Occupant une ‘’place centrale’’ pour le gouvernement dans le Plan Sénégal Emergent (PSE) pour le développement économique du pays, l’agriculture n’a pas été évoquée dans le discours du chef de l’Etat. Or, à peu près 2/3 de la population sénégalaise dépendent directement de l’agriculture. ‘’C’est un secteur qui, si on le développe, ce sont des potentialités de développement important, c’est la sécurité alimentaire. Mais c’est aussi le recul significatif de la pauvreté dans le pays, c’est l’amélioration du sort de plus de 10  millions de Sénégalais’’, a soutenu l’économiste. D’ailleurs, le Pr Seck a souligné que le fait que le Président Sall n’ait pas abordé le sujet amène les Sénégalais à ‘’s’interroger sur son intention réelle’’ de faire de l’agriculture de moteur de croissance du développement économique du pays. ‘’Son silence peut s’expliquer en même temps par le fait qu’il y ait des résultats qui ne lui sont pas très favorables. Cet aspect est vraiment à mettre en œuvre. Car c’est un secteur qu’il faut dynamiser, améliorer’’, a-t-il indiqué. Toutefois, le professeur de l’Ucad admet qu’il y a certes des efforts qui ont été faits, mais ils sont ‘’vraiment en-deçà de ce à quoi s’attendaient les populations’’. ‘’Je crois que c’est volontairement qu’il n’en parle pas’’, a-t-il certifié.

Par rapport à ces résultats ‘’peu satisfaisants’’, il faut noter l’objectif d’atteindre l’autosuffisance en riz prévu en 2017 et reporté dans deux ans. ‘’Je ne pense pas que le Sénégal puisse être autosuffisant en riz en 2019. Ce problème n’est pas quantitatif. C’est un élément important, mais qui n’est pas suffisant’’, a avoué M. Seck. En effet, fait-il comprendre, avec tous les efforts faits, ‘’le gouvernement est en-deçà des capacités réelles’’ du pays. ‘’Les moyens qui nous permettent d’y arriver en termes quantitatifs ne suffisent pas. Pour le qualitatif, le riz local est en compétition sur le marché avec celui importé. Et les consommateurs sénégalais ont une préférence beaucoup plus importante pour l’importé’’, a relevé l’économiste.

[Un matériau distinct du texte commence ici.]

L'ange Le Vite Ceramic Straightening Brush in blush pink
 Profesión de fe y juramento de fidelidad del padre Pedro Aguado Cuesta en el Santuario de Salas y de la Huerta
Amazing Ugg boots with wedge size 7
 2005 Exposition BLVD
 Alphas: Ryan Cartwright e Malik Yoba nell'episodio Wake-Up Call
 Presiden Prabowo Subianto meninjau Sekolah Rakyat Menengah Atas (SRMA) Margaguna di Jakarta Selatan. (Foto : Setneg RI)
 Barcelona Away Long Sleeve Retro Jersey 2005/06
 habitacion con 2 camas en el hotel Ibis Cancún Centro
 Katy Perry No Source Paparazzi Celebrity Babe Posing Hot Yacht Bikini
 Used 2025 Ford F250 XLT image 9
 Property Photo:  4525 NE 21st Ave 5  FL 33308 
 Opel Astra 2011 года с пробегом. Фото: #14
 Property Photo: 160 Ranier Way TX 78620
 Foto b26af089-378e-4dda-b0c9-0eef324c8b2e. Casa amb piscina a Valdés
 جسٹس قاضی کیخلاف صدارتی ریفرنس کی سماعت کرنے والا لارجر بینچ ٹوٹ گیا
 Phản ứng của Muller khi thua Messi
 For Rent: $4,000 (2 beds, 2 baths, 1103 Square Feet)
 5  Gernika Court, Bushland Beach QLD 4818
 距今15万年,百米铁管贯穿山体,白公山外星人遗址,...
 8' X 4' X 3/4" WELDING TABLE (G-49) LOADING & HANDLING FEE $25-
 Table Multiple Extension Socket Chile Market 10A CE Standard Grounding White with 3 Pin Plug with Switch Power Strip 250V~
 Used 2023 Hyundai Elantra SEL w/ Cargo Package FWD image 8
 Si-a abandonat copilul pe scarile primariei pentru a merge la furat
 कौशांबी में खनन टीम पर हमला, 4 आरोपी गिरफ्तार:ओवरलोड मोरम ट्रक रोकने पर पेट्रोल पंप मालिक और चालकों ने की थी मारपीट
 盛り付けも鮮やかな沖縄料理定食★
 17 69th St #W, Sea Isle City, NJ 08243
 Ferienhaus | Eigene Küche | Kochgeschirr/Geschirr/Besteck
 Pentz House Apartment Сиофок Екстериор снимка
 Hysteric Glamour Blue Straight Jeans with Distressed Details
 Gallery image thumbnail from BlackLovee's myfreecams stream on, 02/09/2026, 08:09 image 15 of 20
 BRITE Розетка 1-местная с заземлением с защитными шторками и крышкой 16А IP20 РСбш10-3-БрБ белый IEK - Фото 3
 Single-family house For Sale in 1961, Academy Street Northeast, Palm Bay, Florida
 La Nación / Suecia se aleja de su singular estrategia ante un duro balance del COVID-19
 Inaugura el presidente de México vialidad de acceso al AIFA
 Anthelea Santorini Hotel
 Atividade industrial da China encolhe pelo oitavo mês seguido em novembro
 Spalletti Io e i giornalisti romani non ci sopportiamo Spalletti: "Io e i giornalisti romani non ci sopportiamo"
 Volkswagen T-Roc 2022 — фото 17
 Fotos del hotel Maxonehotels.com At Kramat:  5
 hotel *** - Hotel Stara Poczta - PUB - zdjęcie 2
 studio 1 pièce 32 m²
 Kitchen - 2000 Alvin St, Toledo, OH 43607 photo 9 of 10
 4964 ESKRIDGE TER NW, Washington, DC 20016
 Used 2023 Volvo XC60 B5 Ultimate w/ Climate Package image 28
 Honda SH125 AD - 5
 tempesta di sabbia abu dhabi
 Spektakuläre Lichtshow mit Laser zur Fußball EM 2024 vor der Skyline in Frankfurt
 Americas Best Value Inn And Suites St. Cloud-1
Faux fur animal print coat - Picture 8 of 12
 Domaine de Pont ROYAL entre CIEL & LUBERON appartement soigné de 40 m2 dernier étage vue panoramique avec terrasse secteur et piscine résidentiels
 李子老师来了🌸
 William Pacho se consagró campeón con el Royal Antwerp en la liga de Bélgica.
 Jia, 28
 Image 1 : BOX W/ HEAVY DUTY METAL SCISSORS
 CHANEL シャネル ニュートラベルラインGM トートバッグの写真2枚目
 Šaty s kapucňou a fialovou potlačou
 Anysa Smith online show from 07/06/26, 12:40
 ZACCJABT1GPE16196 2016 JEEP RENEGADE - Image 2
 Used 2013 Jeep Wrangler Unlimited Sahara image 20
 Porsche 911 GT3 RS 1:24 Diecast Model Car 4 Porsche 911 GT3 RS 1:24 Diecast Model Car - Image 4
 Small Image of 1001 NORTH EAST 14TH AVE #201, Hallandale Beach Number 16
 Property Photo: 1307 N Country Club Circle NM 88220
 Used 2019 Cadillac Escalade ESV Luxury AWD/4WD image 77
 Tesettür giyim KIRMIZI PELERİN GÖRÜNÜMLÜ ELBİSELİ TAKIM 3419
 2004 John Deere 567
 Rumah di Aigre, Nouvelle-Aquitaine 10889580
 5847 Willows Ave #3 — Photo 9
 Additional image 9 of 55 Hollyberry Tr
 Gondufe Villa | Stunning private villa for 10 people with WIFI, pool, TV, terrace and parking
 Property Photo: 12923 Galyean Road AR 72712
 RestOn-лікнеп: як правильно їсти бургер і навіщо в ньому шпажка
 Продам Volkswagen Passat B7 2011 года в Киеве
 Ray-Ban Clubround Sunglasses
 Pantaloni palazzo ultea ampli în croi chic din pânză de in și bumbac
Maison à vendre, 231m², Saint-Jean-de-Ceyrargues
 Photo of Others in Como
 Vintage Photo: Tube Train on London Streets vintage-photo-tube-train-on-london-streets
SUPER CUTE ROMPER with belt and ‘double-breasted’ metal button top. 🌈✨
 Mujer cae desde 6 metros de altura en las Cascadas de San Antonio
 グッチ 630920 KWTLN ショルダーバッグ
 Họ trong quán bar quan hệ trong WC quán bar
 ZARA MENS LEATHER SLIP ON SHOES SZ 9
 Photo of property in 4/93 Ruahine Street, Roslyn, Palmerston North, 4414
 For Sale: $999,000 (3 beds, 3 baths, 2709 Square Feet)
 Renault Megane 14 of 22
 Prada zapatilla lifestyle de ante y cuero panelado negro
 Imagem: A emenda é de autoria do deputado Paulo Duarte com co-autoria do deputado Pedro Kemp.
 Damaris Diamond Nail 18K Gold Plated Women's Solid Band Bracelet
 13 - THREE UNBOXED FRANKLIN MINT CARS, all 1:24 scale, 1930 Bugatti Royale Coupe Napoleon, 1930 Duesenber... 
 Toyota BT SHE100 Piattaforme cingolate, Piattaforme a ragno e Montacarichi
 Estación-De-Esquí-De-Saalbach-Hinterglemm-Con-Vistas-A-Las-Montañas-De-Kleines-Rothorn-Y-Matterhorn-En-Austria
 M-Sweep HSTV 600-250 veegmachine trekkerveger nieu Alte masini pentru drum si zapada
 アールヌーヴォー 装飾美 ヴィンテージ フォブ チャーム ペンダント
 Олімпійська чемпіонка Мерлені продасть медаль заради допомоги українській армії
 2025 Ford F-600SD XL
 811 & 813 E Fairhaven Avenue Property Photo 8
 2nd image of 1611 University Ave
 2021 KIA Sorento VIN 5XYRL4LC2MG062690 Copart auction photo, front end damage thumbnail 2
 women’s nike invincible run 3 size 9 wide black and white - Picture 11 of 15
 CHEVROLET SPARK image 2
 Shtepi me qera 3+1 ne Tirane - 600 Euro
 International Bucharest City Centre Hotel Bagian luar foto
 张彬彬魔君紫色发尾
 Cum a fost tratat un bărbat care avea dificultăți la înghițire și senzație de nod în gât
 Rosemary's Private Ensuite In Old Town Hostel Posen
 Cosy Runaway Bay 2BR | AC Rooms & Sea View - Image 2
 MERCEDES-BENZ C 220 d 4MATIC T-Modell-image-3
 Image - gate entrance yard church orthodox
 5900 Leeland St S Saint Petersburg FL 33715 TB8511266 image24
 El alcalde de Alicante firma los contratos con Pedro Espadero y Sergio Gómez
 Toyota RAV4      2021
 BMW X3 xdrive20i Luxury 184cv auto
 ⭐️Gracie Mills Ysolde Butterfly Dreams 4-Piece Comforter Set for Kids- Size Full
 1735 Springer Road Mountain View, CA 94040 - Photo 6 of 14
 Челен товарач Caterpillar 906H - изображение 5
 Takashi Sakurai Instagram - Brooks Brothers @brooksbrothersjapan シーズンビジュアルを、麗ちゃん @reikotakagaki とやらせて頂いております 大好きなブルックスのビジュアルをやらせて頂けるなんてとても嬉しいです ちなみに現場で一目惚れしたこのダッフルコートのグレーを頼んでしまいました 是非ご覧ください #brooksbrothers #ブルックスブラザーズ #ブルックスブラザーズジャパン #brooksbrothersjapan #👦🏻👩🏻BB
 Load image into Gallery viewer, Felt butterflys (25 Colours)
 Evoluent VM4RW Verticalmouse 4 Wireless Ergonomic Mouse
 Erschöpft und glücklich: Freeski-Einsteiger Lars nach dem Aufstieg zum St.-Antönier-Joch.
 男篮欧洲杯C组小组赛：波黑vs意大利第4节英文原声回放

En réalité, la question de l’habitude alimentaire est aussi en prendre en considération. Ces habitudes, pour lui, ‘’on ne les change pas du jour au lendemain’’. C’est un travail relativement de longue haleine pour modifier les préférences des consommateurs. Cependant, des efforts sont à signaler sur le taux de pénétration du riz local depuis quelques années. ‘’On sent que cela devient de plus en plus populaire, mais loin du compte. Maintenant pourquoi l’objectif a été repoussé en 2019 et non en 2018 ? Parce que derrière, on a vraiment ces questions de calcul politicienne à la limite. C’est une gestion politique de l’économie, alors qu’on a besoin de gestion économique de l’économie’, a-t-il déploré. Pour le Pr Abdoulaye Seck, si le gouvernement change de paradigme, dans la stratégie du pays, dans sa façon d’aborder l’économie, il va mettre sur la table des visions ‘’beaucoup plus réalistes, se donner les moyens et chercher à les atteindre dans des délais raisonnables’’.